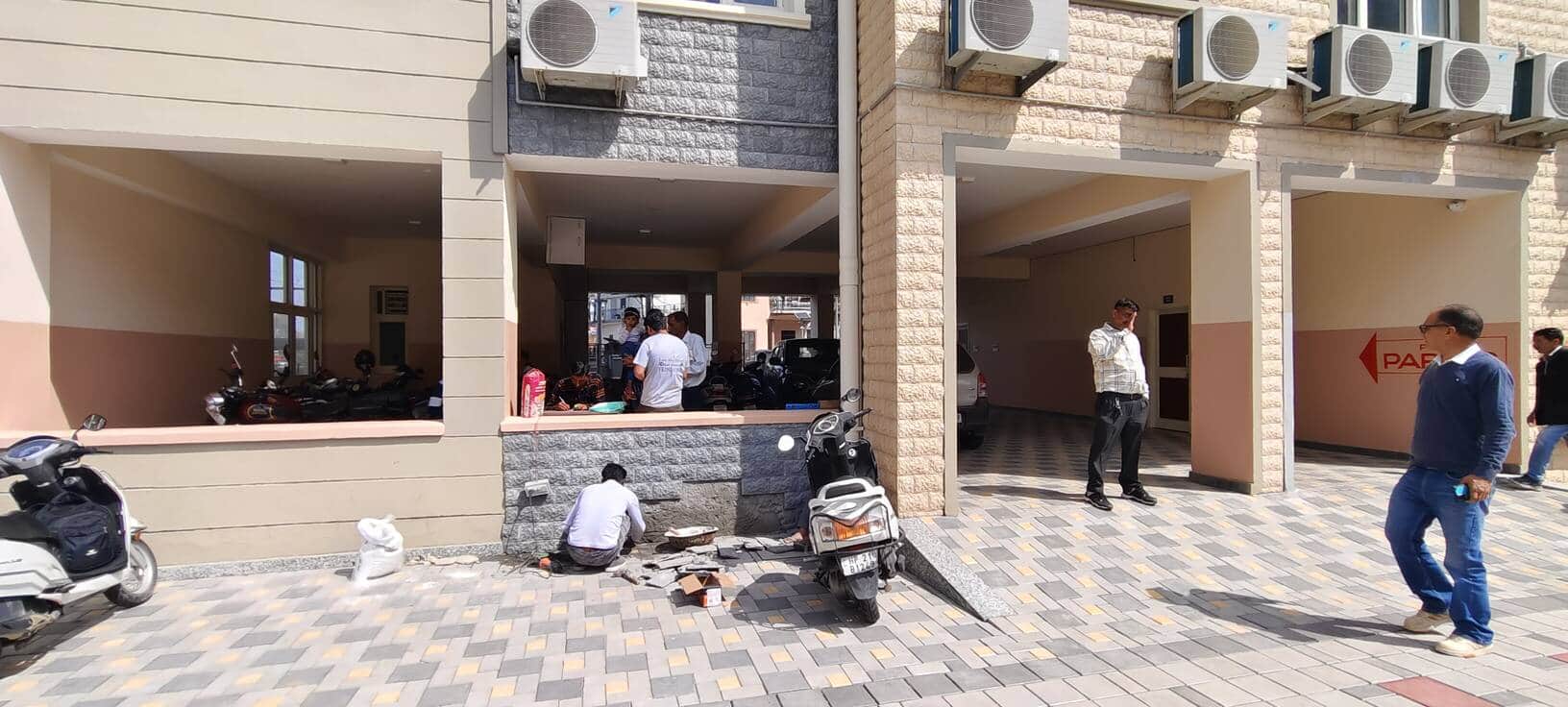 नगर पंचायत बड़सर के तहत मिनी सचिवालय बड़सर के भवन की उखड़ी टाइलों की मरम्मत करते हुए मिस्त्री। 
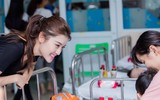 Chuẩn bị thi Hoa hậu Hòa bình, Huyền My vẫn không quên các bệnh nhi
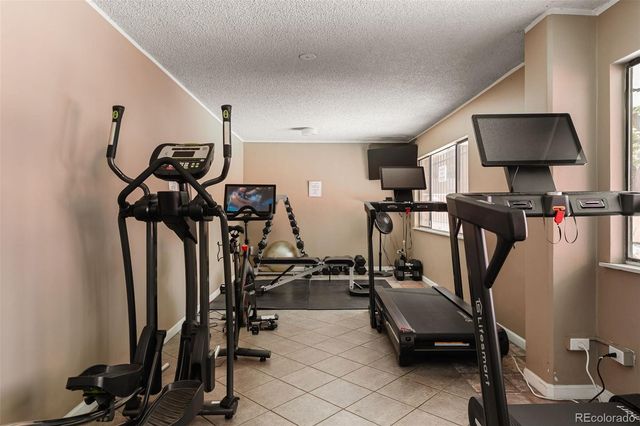 909 N Logan Street 11I, Denver, CO 80203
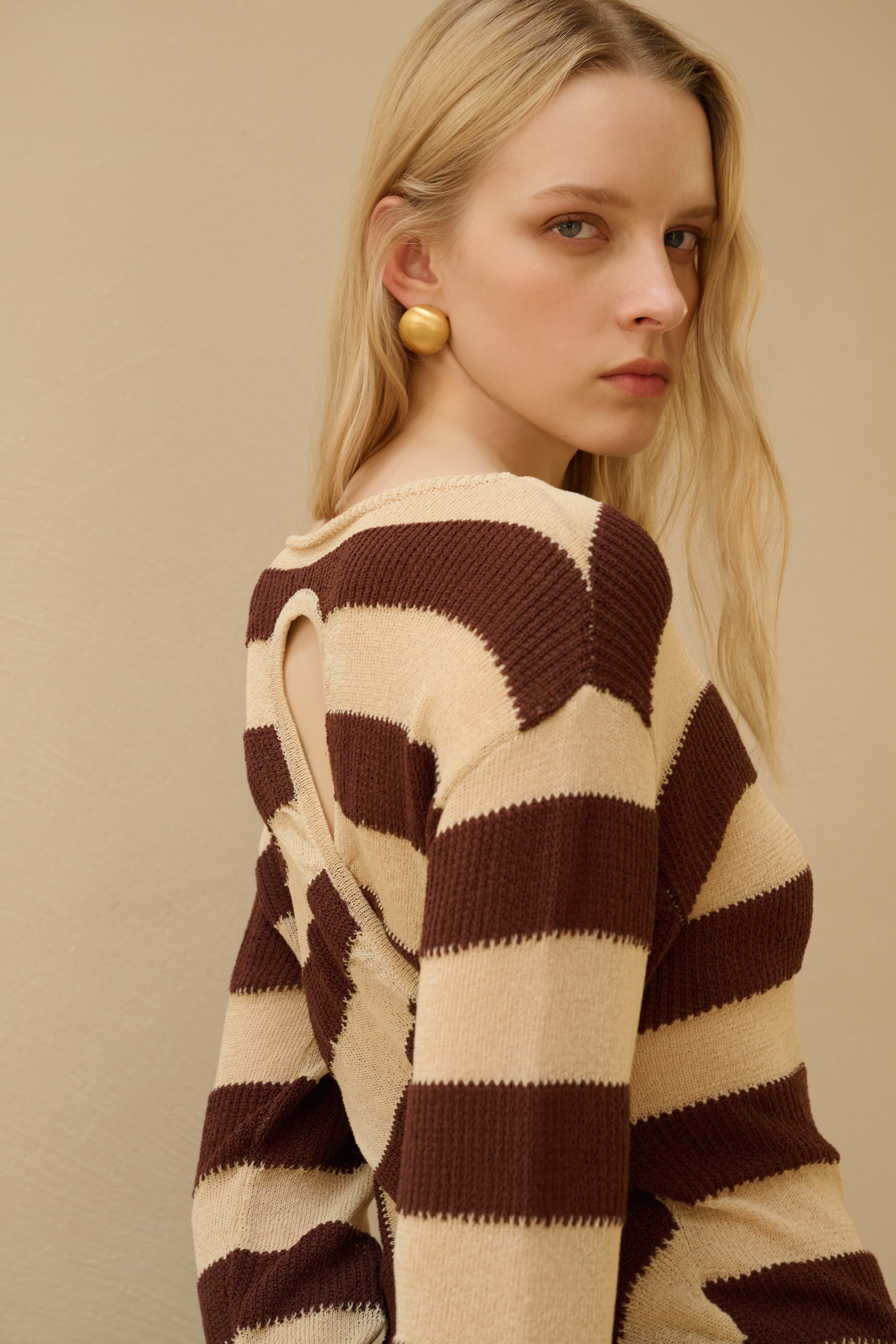 Airy crossback sweater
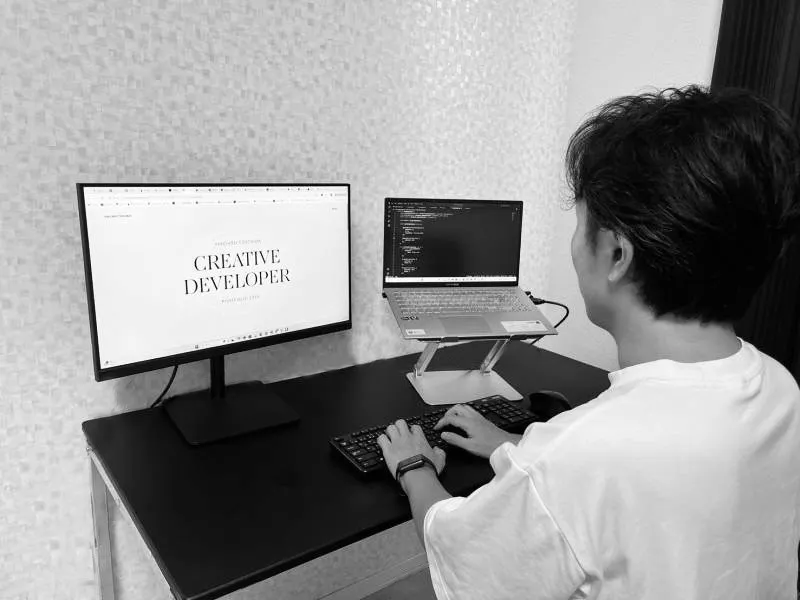 土田 祐一郎がPC作業をする様子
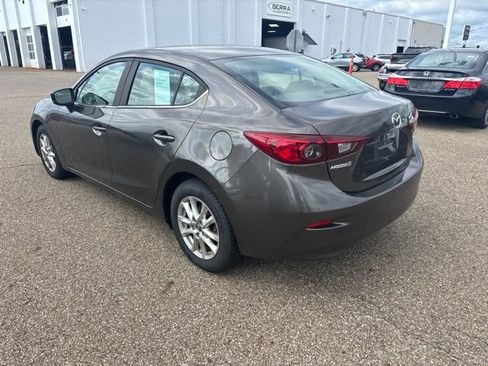 Used 2017 MAZDA MAZDA3 Sport w/ Preferred Equipment Package FWD image 4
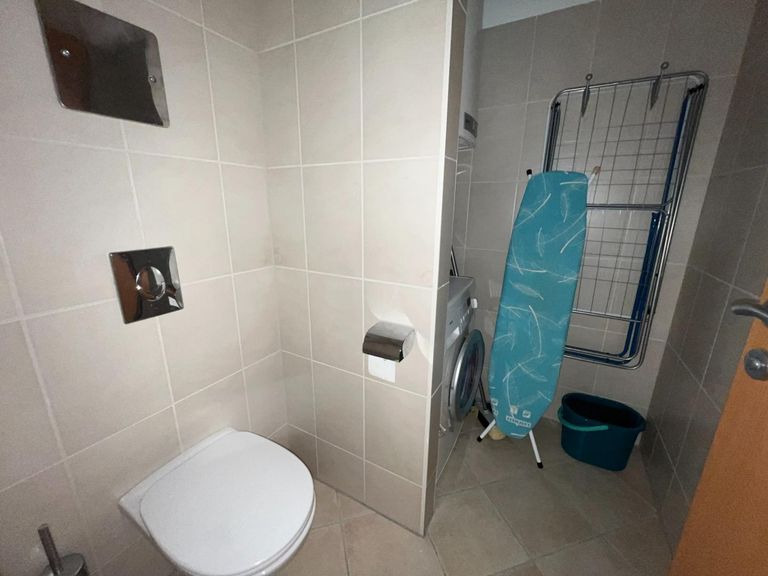 Beispielwohnung - WC mit Abstellmöglichkeit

PROBLEM REQUIREMENTS: Here the requirement is to restate exactly the line holding "Airy crossback sweater" and every later line through the end of the material, omitting pictures.

TASK RESPONSE:
 Airy crossback sweater
 土田 祐一郎がPC作業をする様子
 Used 2017 MAZDA MAZDA3 Sport w/ Preferred Equipment Package FWD image 4
 Beispielwohnung - WC mit Abstellmöglichkeit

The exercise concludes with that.